START Material supplied

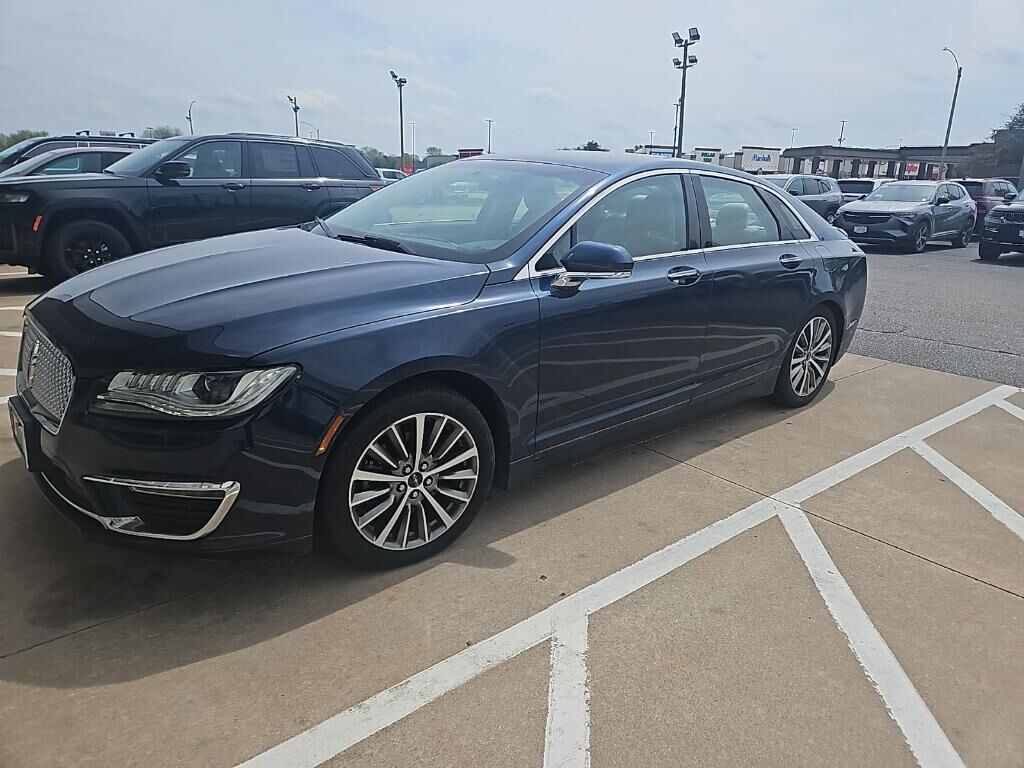 2017 LINCOLN MKZ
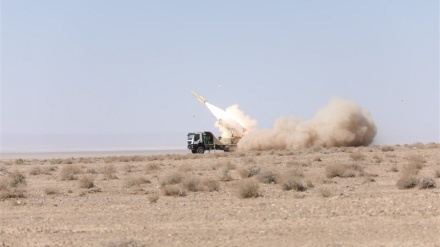 “梅尔萨德16”导弹在伊朗中部沙漠试射成功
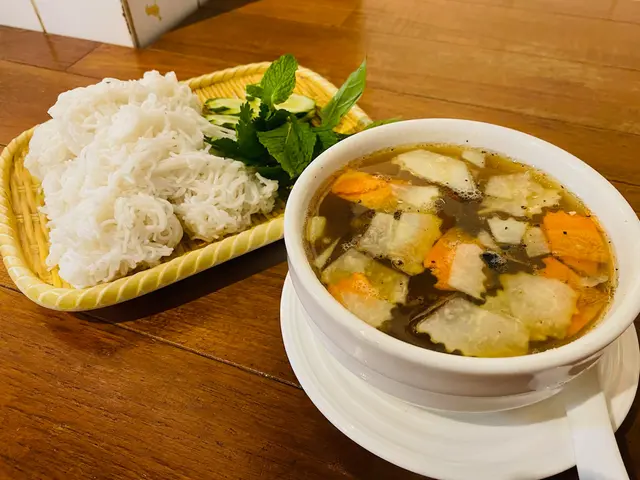 炭燒豬肉伴越南檬粉 Bun Cha Hanoi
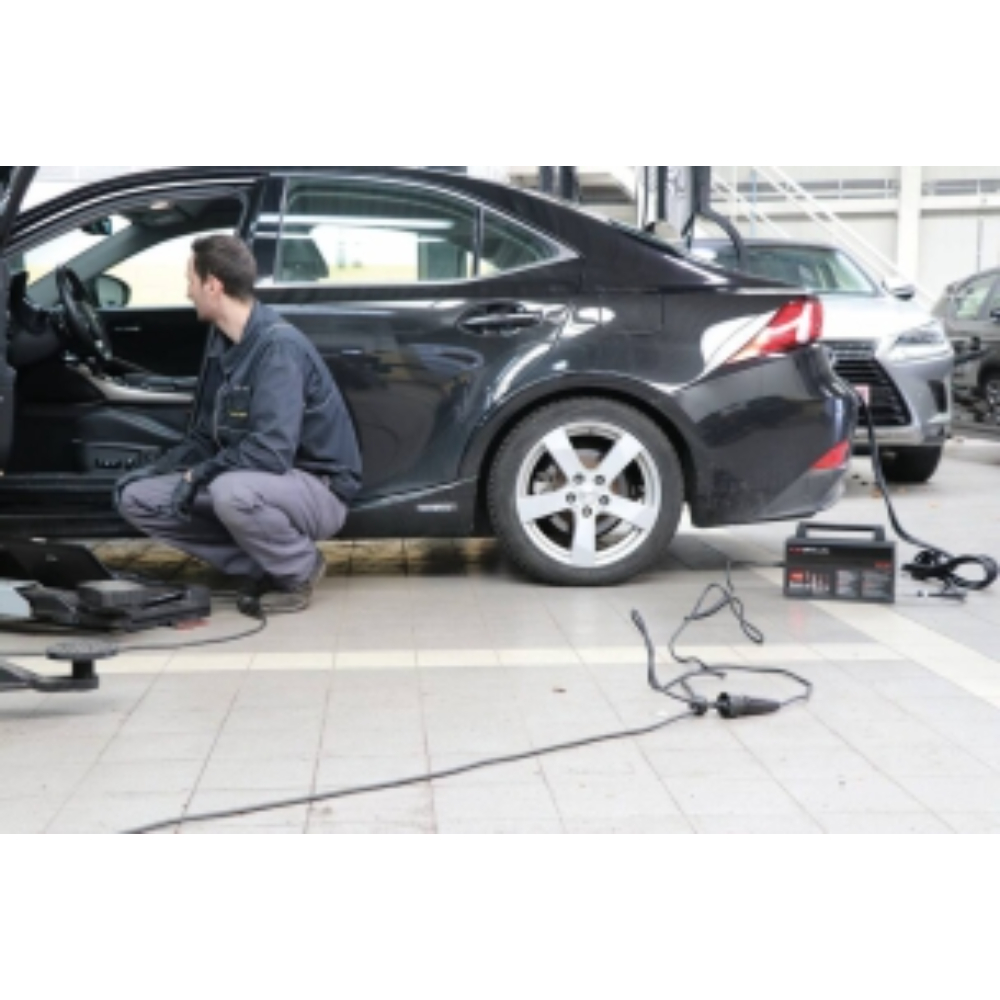 CHARGEUR DE BATTERIE AUTOMATIQUE 70A POUR TRAVAUX DE DIAGNOSTIC - SCHUMACHER - 54030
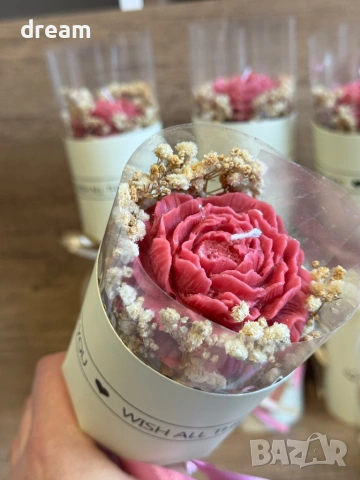 Букет за 8 март, снимка 4 - Ръчно изработени сувенири - 53301336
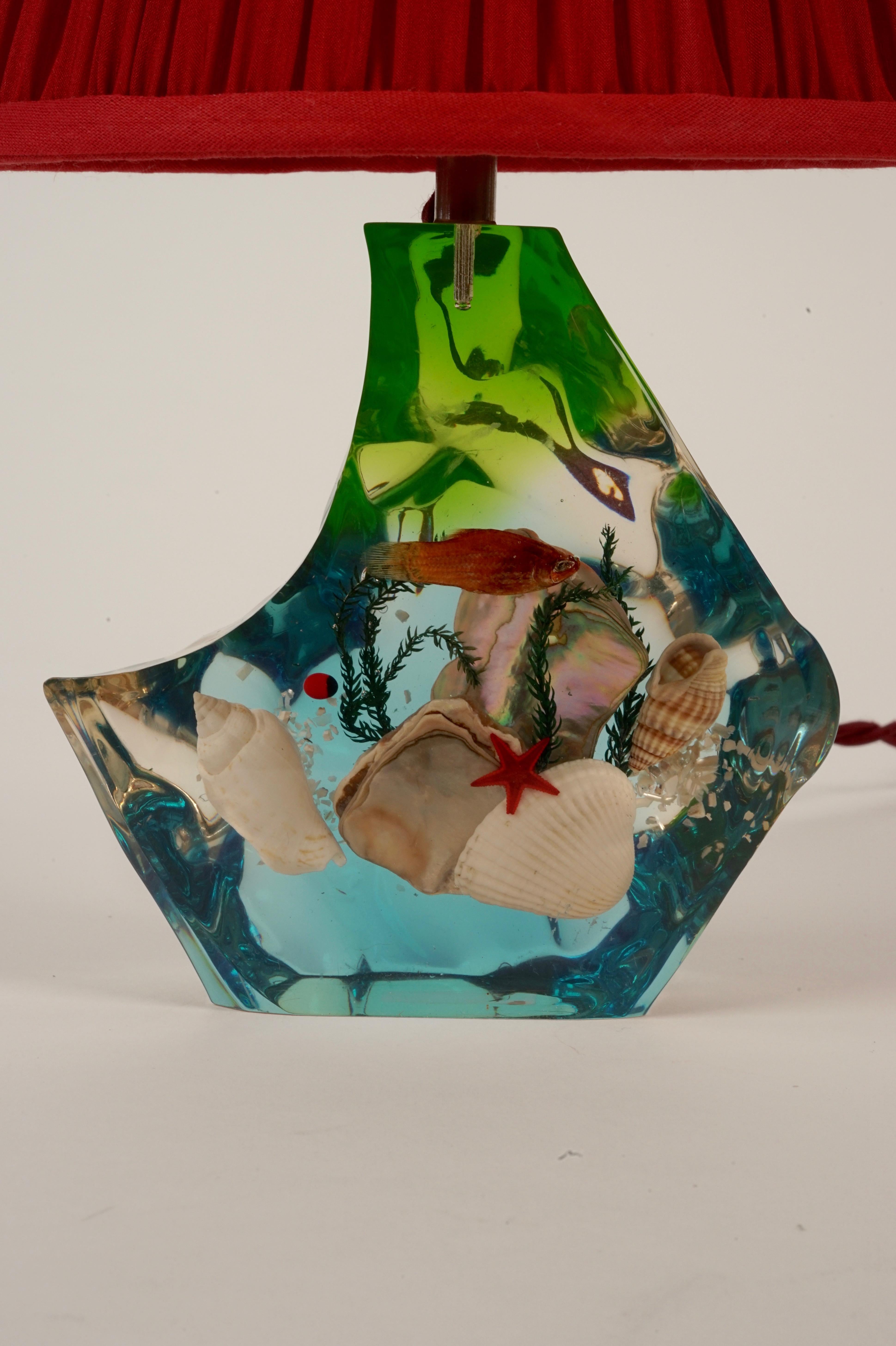 Mid-Century Modern 1950 Italian Cast Acrylic Lamp with Shells, Starfish, Seaweed and Fish For Sale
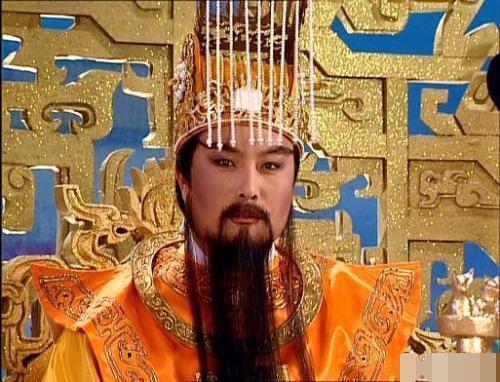 玉帝只有10万天兵天将, 而猪八戒有80万天河水军, 为什么不反玉帝自己做玉帝?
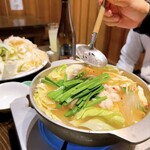 マルキン酒店 - 鍋のサイズ感がちょうどエェ＾＾　追い足し追い足し楽しめる♪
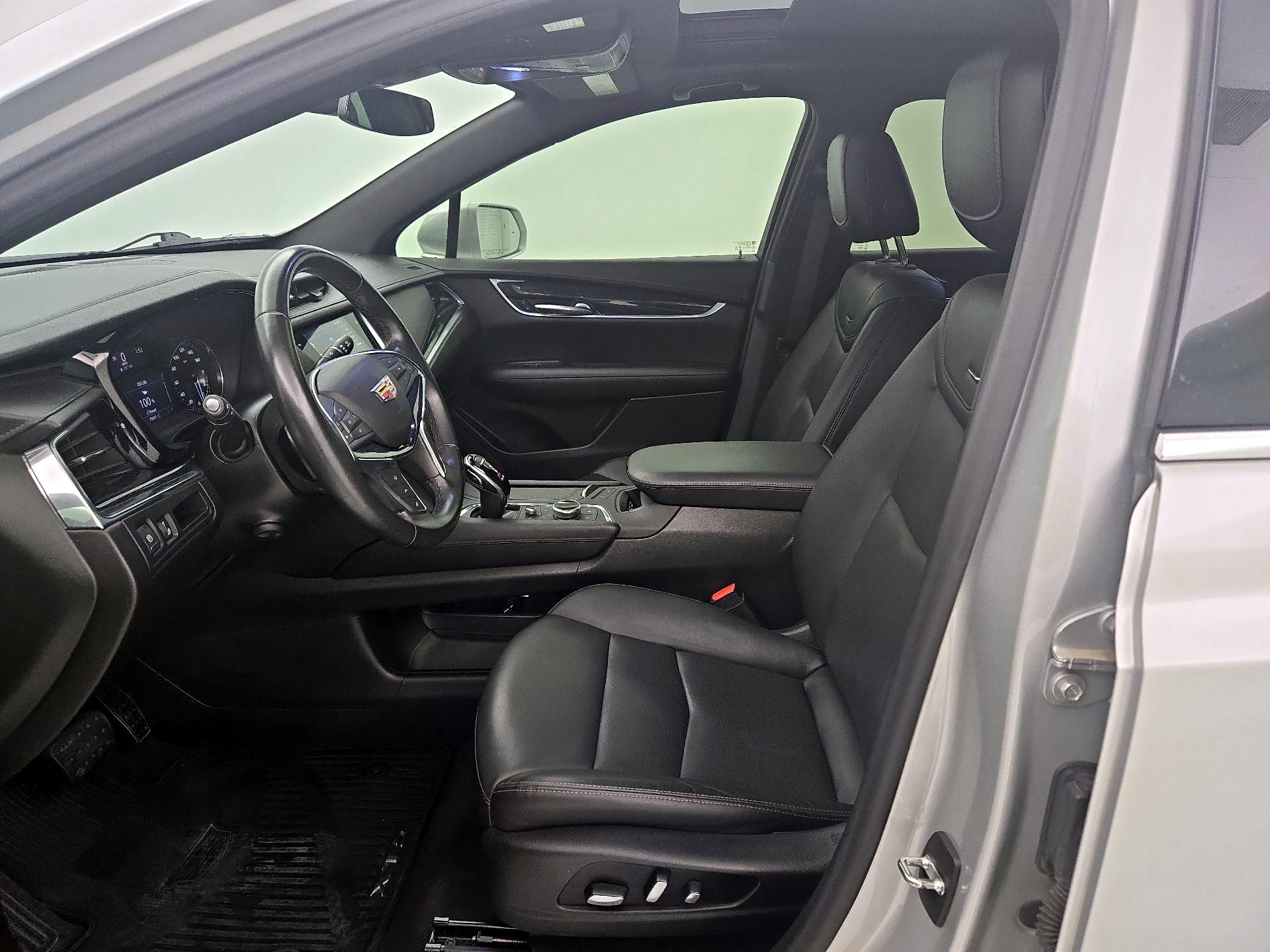 Thumbnail: 2020 Cadillac XT5 - 11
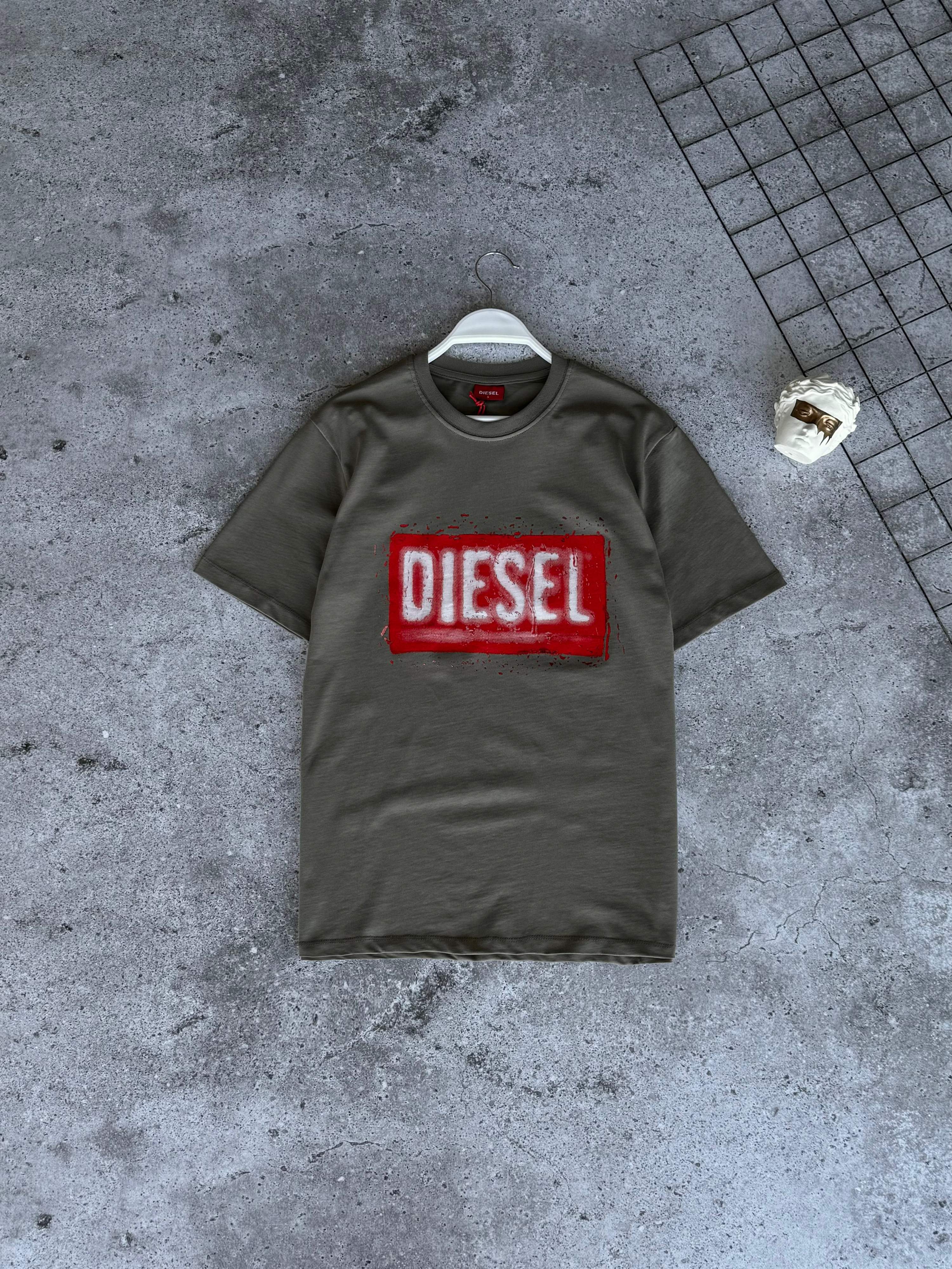 Футболка Diesel — головне фото товару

END Material supplied

• Task requirements:
Reproduce the lines above exactly, please, but not the pictures in them.

• Answer space:
 2017 LINCOLN MKZ
 “梅尔萨德16”导弹在伊朗中部沙漠试射成功
 炭燒豬肉伴越南檬粉 Bun Cha Hanoi
 CHARGEUR DE BATTERIE AUTOMATIQUE 70A POUR TRAVAUX DE DIAGNOSTIC - SCHUMACHER - 54030
 Букет за 8 март, снимка 4 - Ръчно изработени сувенири - 53301336
 Mid-Century Modern 1950 Italian Cast Acrylic Lamp with Shells, Starfish, Seaweed and Fish For Sale
 玉帝只有10万天兵天将, 而猪八戒有80万天河水军, 为什么不反玉帝自己做玉帝?
 マルキン酒店 - 鍋のサイズ感がちょうどエェ＾＾　追い足し追い足し楽しめる♪
 Thumbnail: 2020 Cadillac XT5 - 11
 Футболка Diesel — головне фото товару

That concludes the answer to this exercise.